The United States has always attracted immigrants who come to eat more luxurious food, which often means meat, according to Amy Bentley, associate professor of food studies at New York University-Steinhardt.
"Because it's been such a wealthy and abundant country, we can chose what foods we eat," Bentley said. "We chose not to consume all parts of animal, and not eating horse has always been one of our choices."
Bentley said Americans have strong historic ties to Great Britain, which prizes horses.
"We don't like to eat our pets and Americans anthropomorphize their pets," Bentley said. "We are close to horses in a way we aren't to pigs or cows and goats."
There may be a more practical reason why early Americans didn't eat horses.

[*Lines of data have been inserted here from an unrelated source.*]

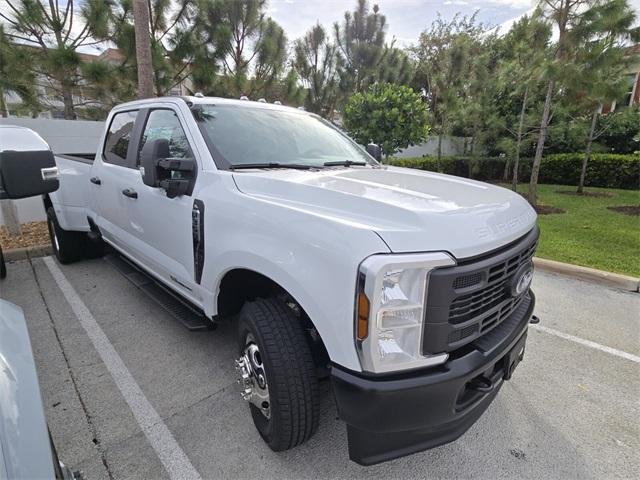 new 2024 Ford F-350 car, priced at $68,460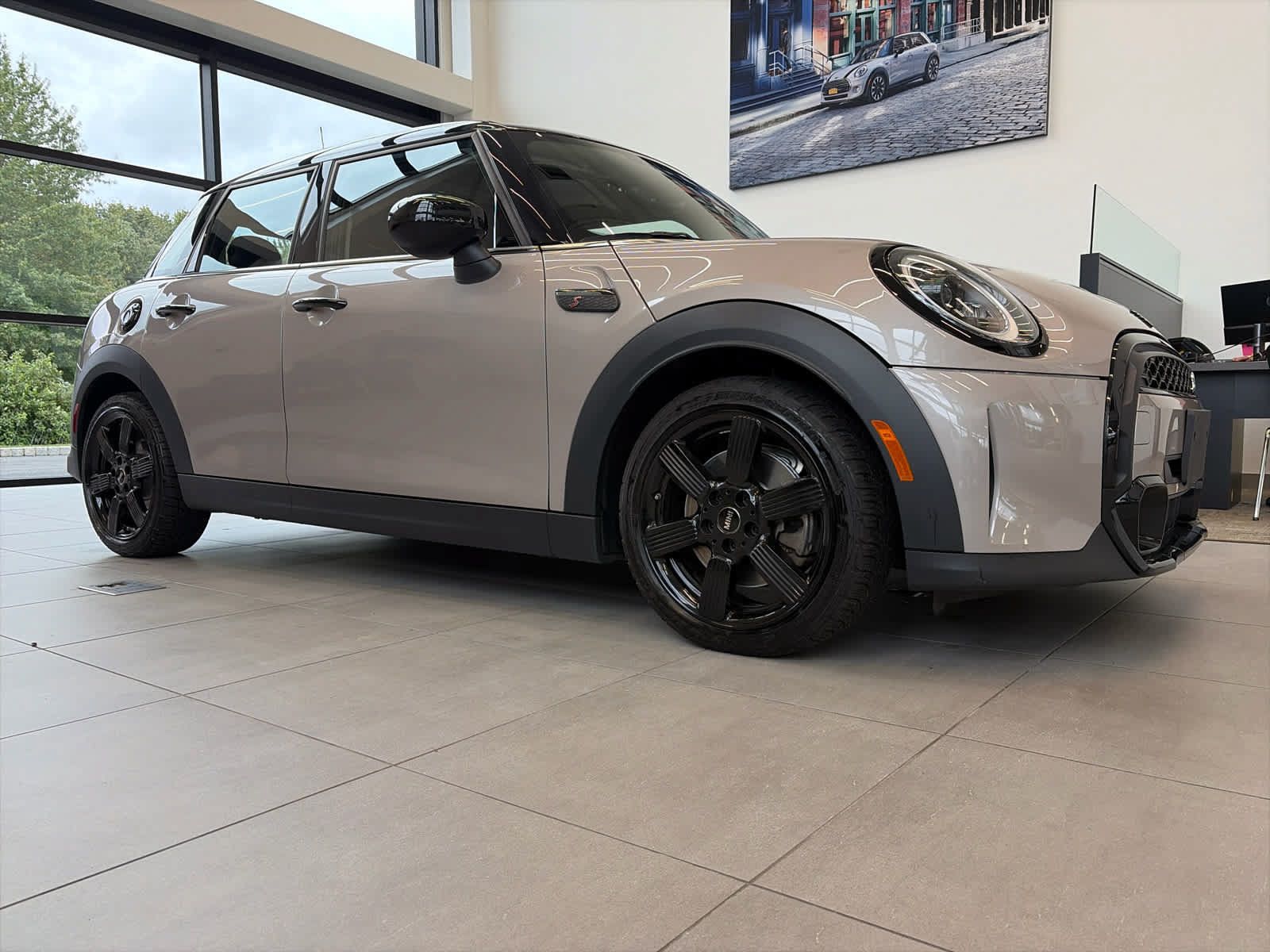 Used 2024 MINI Cooper S FWD image 3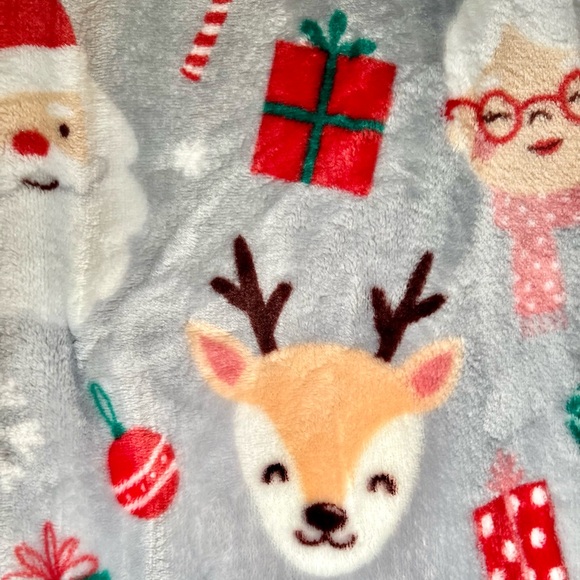 Mrs. Claus Santa & Reindeer Decorative Christmas Throw Blanket Gifts Smowflakes - Picture 6 of 15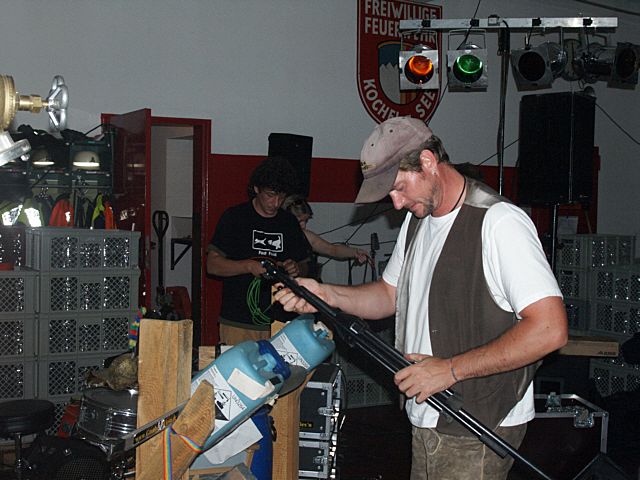 640x480 pixels (66K)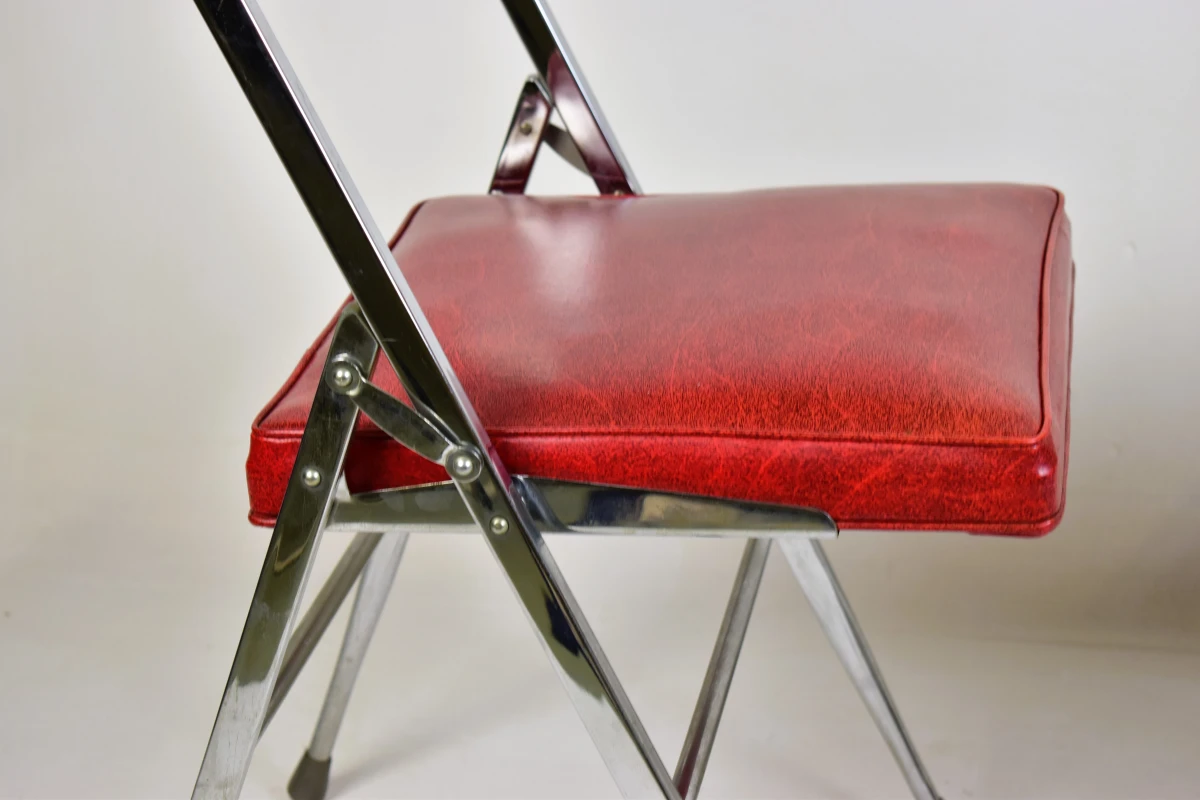 Set van 2 vintage klapstoelen met chromen frame en rood skai, ca. 1970 - foto 4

They didn't taste too good, according to Martha Carlin, professor of history at the University of Wisconsin, Milwaukee.
Carlin notes that horses were commonly used as both transportation and to pull farm equipment. That means they were more valuable as beasts of burden than sources of food. Horses also have relatively long lifespans compared to a pig or sheep, for example.
"If you had a horse and worked it for 15 or 20 years and then if you slaughtered it, its meat would probably be pretty tough," Carlin said.
Carlin said the tradition of eating horse in France, Belgium and Switzerland never made it to the new world. She tried a sample once at a friend's home in Switzerland.
"It tastes like a quite good beefsteak," she said.